In [1]:
import torch
import torch.nn as nn
import torch.optim as optim
from torch.utils.data import DataLoader, TensorDataset
import numpy as np
import matplotlib.pyplot as plt
from tqdm import tqdm
import os
import sys

# Import the Mamba model
from mamba_wf import Mamba, RMSNorm

torch.manual_seed(1)

# Set device
device = torch.device('cuda:1' if torch.cuda.is_available() else 'cpu')
print(f"Using device: {device}")

Using device: cuda:1


In [2]:
# Load the data
x = torch.load('test_sims/x_combined.pt')
x = x.reshape(x.shape[0], x.shape[1], 1)
theta = torch.load('test_sims/theta_combined.pt')

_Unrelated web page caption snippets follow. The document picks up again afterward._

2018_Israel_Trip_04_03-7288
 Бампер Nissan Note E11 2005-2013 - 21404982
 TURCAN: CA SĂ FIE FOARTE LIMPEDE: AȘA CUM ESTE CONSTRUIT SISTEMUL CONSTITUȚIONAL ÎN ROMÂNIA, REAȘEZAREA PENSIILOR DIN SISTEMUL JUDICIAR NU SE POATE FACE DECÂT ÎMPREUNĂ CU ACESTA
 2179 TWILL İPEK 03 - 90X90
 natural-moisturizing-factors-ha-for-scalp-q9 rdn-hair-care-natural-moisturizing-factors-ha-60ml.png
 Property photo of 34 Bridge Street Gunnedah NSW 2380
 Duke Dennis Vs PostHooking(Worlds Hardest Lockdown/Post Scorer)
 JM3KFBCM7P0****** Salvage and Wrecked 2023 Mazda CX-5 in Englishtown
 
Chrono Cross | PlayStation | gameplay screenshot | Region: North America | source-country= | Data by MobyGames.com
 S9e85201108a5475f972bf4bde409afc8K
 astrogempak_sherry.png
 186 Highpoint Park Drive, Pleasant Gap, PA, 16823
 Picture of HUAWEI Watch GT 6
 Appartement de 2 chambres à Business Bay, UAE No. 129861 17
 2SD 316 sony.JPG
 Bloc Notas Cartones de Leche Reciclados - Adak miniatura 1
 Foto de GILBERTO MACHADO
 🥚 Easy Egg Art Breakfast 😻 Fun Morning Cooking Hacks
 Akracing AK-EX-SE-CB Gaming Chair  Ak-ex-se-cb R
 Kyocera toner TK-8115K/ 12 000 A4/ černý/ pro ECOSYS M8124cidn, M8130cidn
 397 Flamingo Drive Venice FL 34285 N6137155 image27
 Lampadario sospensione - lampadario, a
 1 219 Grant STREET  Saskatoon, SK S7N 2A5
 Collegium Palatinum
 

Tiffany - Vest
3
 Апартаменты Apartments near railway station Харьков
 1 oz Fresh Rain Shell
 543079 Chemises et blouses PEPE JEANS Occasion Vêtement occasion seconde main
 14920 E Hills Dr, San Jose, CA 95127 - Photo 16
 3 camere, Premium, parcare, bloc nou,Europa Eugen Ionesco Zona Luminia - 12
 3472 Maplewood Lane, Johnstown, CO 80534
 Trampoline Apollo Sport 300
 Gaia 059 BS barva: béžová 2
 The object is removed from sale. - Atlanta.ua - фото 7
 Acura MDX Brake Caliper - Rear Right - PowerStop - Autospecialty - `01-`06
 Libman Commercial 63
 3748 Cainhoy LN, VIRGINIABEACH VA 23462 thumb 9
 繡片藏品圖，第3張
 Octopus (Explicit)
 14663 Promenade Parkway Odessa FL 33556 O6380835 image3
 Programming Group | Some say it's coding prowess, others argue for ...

# Print shapes for verification
print("Input data shape:", x.shape)
print("Target data shape:", theta.shape)

# Hyperparameters
BATCH_SIZE = 100
LEARNING_RATE = 5e-4
EPOCHS = 70
TRAIN_SPLIT = 0.9  # 90% for training, 10% for validation

# Extract dimensions from the data
n_samples = x.shape[0]
seq_len = x.shape[1]
d_model = 16
state_size = 64 

# Split the data into training and validation sets
train_size = int(n_samples * TRAIN_SPLIT)
train_x = x[:train_size]
train_theta = theta[:train_size]
val_x = x[train_size:]
val_theta = theta[train_size:]

# Create DataLoaders
train_dataset = TensorDataset(train_x, train_theta)
val_dataset = TensorDataset(val_x, val_theta)
train_loader = DataLoader(train_dataset, batch_size=BATCH_SIZE, shuffle=True)
val_loader = DataLoader(val_dataset, batch_size=BATCH_SIZE)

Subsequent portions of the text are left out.